I have just had a really crappy couple of days. Well... yesterday had a lot of crappy moments (though of course some good points)... and so far today is not looking so hot either. I hope things turn around though... I really do.
And the day started SO early, so it is just dragging on. Though I never really wish for any days to go by faster than they naturally do because I enjoy every moment I can get with my angels... today, though... has already been a long day... and it is not even 11 am yet. My baby boy decided to wake up at 5 am this morning. Normally, the earliest he gets up is at 7 am. So.. my body is a little extra tired... what is he doing now? He is sound asleep on the floor at my feet. (I took a picture and put it in my picture link thing at the bottom of the entry.) I was hoping he would wait until 11:30 to nap for the day... but he did not make it. Maybe I will be a really mean mommy and wake him up in a moment to see if I can get him to not "really" nap for a bit longer. (*edited at 2 pm due to not being able to immediately post it because of diaryland's major meltdown - he woke up right after I finished typing this, and was REALLY unhappy so I took him to his room... where he complained for a good 20 minutes before finally going back to sleep... though now he is still sleeping.) I have high hopes anyway. To add to the sleepy, cranky baby syndrome, he is also finally getting bottom tooth number 4. I can feel part of its sharp little edge through the gum... so I hope the rest makes it out by tonight. That probably caused the poor little guy to get up so early too.
And I had a ruff morning with my husband. I had noticed recently the spyware program I put on the computer... he has figured out how to turn off. And that just really pisses me off. I had figured I would ignore it.. but for whatever reason this morning I just let lose about it... and he started in with his nonsense crap about how *I* am wrong and it just got ugly. The bottom line is simple: If he had nothing to hide, he would not care what I record. But he takes a self righteous attitude (and gets that eat shit look on his face) about it that frankly, disgusts me. I am just to tired to deal with it right now though, so he will sit there in his overjoyed senseless glory and think he "won"... when he merely just put bricks back up in the wall I have been working so hard to destroy. I hope he is proud of himself.
The cherry on top - he won't even be home for Valentines Day. Not as in he has to work... that I expected... he will not even be in town. His going to the corporate office thing we have known was coming "sometime" in the future... and first off is not just one or two days... it is 4, and he will leave Sunday the 13th, and come back on the 17th. And this does not even bother him. Of course, I guess I should expect it, he has never cared much for Valentine's Day anyway... always spewing the "every day should be Valentine's Day" line at me and it should... but damn it I happen to enjoy it (the one "extra" special day).. and he has never cared about that at all. And never, ever made a big deal about it for me. And it means even more to me now that I have children and he still just doesn't care. The best Valentine's Day he ever gave me was when I was pregnant with my daughter... and well... we know what started happening right after that so I have simply tried to remove it from my memory... I just wanted a "real" Valentine's Day...

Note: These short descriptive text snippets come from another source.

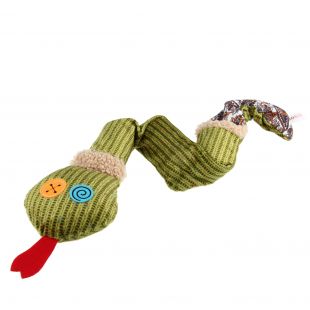 MISOKO&CO игрушка для собак ЗМЕЯ, плюшевая, зеленого цвета, 63x11x5,5 cм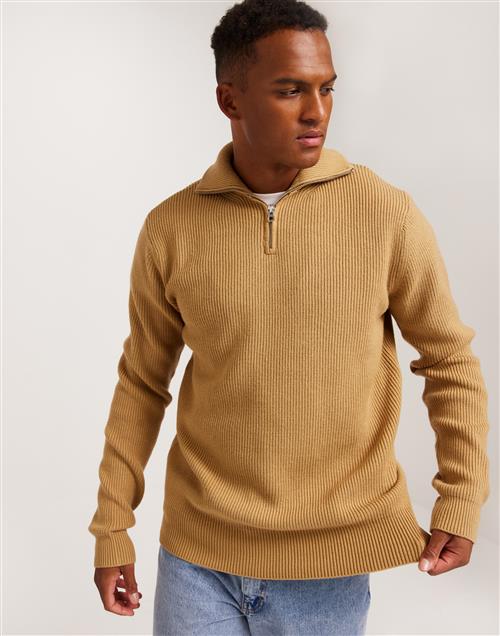 Ciszere Reuben knitted half zip Half zip Beige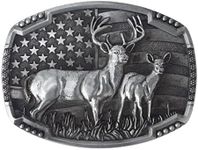 Deer Belt Buckle for Men, Patriotic American flag Deer Belt Buckle, Elk Deer Belt Buckle, Norse Viking Deer Head Belt Buckle, Punk Deer Belt Buckle, Western Cowboy Belt Buckle Gifts (Silver)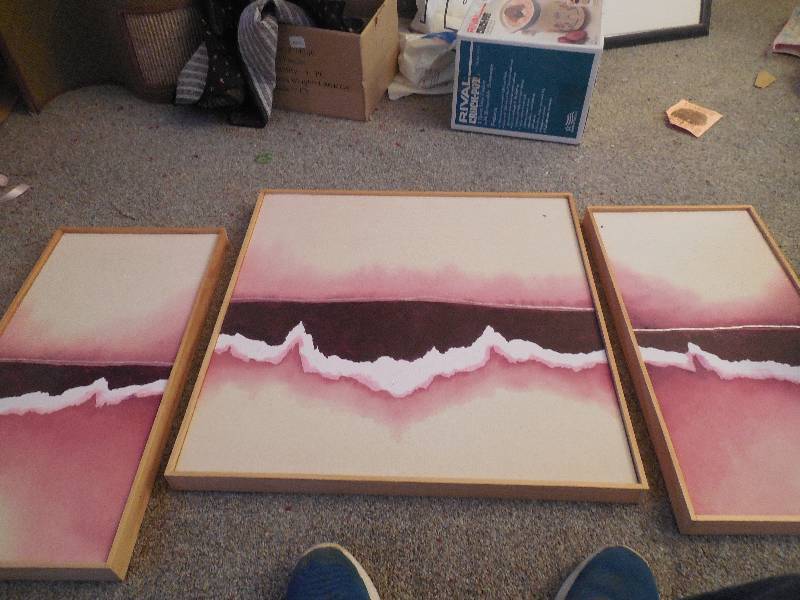 lot 74 image: (3) MATHCING CANVAS PAINTINGS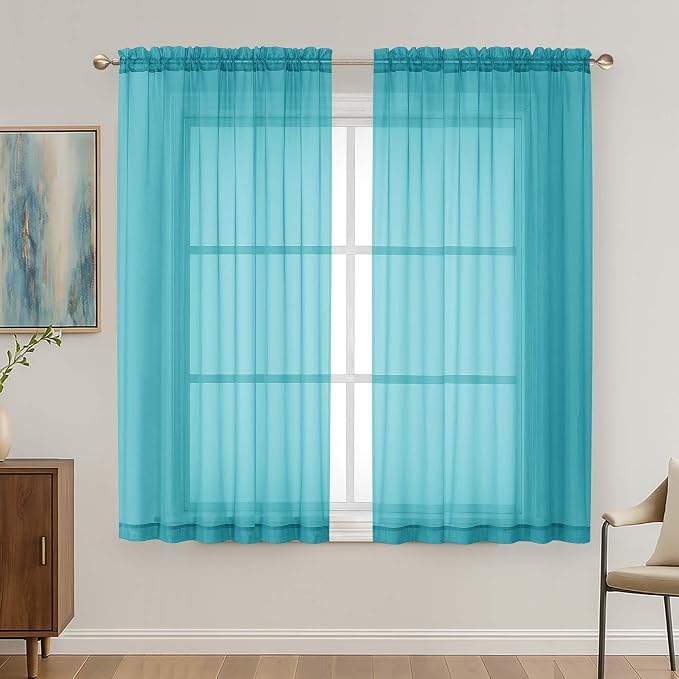 Turquoise Sheer Curtains 63 Inches Long 2 Panels Set, Light Filtering Sheer by OVZME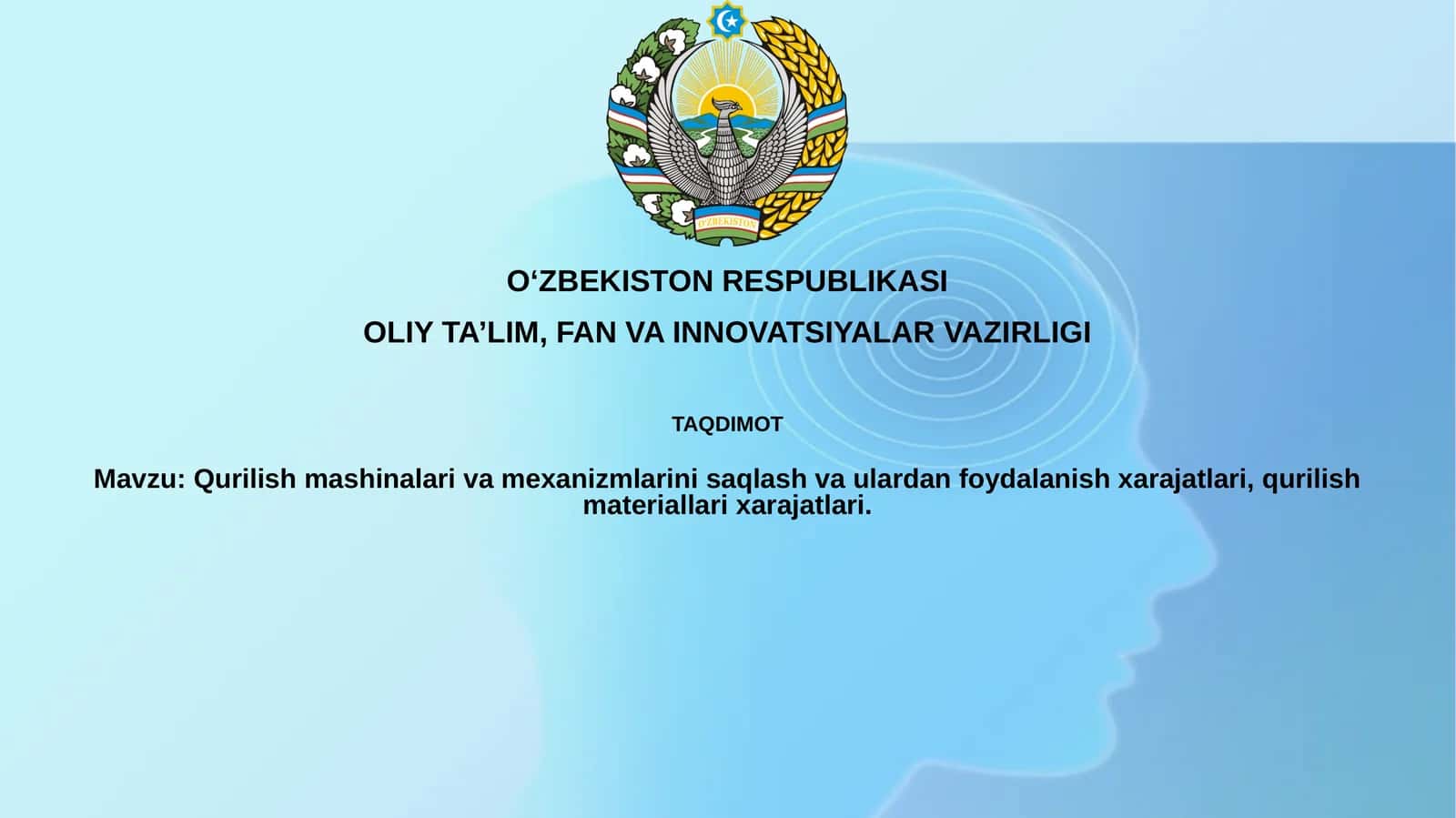 Qurilish mashinalari va mexanizmlari xarajatlari tahlili 1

Of course he will argue he "has" to go to get his certification and such... and would I rather postpone that, therefore postponing his bonus eligibility which we REALLY need him to have right now... so I am simply screwed.
I am just really tired... and I really feel like shit - mentally and physically run down. So... if anything else "bad" or "drag me down" is going to happen anytime soon... hopefully it can just all happen today to get it the hell out of the way.
Just a quick update, now that I can FINALLY post this entry, I am feeling a bit better than I was earlier today.